Recommended Reading: “Niwaki: Pruning, Training and Shaping Trees the Japanese Way” by Jake Hobson

Cover of "Niwaki" by Jake HobsonMost of the books you will find on Japanese gardens are full of lovely pictures, but will not tell you much about practical techniques and how to apply them in your own garden. This is one of the few books I will recommend for those who want to bring a Japanese influence to the design and care of their garden.

Niwaki literally means “garden tree” in Japanese (as opposed to bonsai, which means “potted tree”), although both are pruned into a proper shape. The essential idea with either niwaki or bonsai is that young or middle aged trees are pruned to resemble ancient ones. Niwaki thereby contribute to the overall garden design, which generally resembles a wilderness landscape in miniature.

Author Jake Hobson, a British fine arts student, was originally uninterested in gardening or horticulture. While teaching English in Japan he became fascinated by the historical and private gardens he saw, and the sculptural qualities of the trees in particular. He left his teaching job for an apprenticeship in a nursery, where he spent several years learning techniques for planting, pruning, training, and also digging up trees (“rootballing”) for transplantation. All are described in detail in this wonderful book, in Hobson’s clear and highly readable prose.

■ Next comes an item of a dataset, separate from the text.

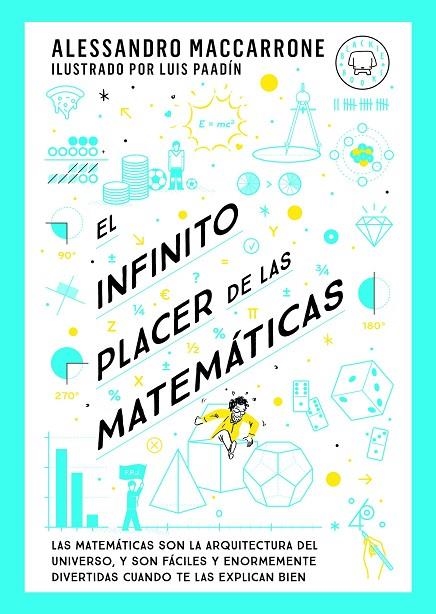 EL INFINITO PLACER DE LAS MATEMÁTICAS | 9788419654311 | MACCARRONE, ALESSANDRO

For the casual reader who simply wants to learn more about Japanese gardens, there are several chapters that describe the climactic, religious, and other influences on garden design in Japan. Basic design principles and their origins are covered at a high level. The text is leavened with vignettes in which Hobson surprises some unsuspecting monk or gardener, and ends up getting an instructional gem or photograph of a particularly beautiful tree in a private back yard.

Tree types, and the specific approaches used with them, are explained in different chapters on coniferous and deciduous trees, with some species, like pines and azaleas, warranting their own chapter. Specific techniques like momiage (the removal by hand of all of a pine’s needles older than 1 year) and the pruning of azaleas into karikomi (shrubs pruned into small rounded blobs) provide inspiration to the gardener who plans to try these approaches.

The chapter on pruning is especially helpful. Hobson explains how to start with a young seedling, or to work with an existing older tree over four or five years, to acquire the essential shape. The dramatic first step in working with an older tree is called fukinaoshi, which is an extreme pruning down to only a few branches and leaves. This becomes the basic design for the tree: all other growth will be kept to the essential branches, with the possible exception of the top of the tree. This simulates the more open look of a very old tree that has been around long enough to lose limbs. Several techniques for splinting branches into their new positions are also covered. Working with new trees can provide other options, like planting the seedling in the ground at an angle, to start training it into a pleasingly bendy shape.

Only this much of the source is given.